* [AIM OF THE EXERCISE] Among the entries, find each line that includes the string "Lift" and list it.

* [SUPPLIED MATERIAL]
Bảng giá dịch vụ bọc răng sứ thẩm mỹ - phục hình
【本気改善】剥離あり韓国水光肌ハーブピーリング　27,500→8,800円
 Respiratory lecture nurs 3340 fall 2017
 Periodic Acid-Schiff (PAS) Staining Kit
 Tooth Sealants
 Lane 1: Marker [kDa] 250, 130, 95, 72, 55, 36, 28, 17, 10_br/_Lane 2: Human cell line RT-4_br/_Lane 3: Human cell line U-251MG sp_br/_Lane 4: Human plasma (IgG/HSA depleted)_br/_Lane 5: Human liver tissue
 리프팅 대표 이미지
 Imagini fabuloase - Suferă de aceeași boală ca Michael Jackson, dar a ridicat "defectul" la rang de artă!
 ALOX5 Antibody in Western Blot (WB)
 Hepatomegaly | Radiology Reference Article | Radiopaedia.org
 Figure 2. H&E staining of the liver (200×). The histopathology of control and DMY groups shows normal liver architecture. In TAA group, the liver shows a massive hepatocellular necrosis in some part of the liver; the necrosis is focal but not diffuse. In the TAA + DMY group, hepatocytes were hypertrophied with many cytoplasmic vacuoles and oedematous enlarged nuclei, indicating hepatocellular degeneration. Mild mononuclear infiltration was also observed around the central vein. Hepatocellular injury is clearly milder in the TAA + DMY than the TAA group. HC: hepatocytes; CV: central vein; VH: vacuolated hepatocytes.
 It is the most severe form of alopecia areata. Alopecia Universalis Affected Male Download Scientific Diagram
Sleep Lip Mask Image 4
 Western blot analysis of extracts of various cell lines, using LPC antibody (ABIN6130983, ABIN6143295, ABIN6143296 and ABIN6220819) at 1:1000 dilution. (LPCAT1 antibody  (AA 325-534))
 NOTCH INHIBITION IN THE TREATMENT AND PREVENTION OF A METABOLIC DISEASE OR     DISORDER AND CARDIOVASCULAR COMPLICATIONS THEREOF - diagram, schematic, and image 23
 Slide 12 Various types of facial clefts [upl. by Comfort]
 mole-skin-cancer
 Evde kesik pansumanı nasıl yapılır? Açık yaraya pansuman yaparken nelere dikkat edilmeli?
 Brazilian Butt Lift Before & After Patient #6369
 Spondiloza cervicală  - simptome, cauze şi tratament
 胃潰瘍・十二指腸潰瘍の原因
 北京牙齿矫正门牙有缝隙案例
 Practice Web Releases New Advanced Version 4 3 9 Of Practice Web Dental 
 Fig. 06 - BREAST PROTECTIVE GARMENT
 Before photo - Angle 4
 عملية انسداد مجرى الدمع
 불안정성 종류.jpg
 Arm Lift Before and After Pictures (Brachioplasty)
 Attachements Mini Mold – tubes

* [TASK ANSWER]
 Brazilian Butt Lift Before & After Patient #6369
 Arm Lift Before and After Pictures (Brachioplasty)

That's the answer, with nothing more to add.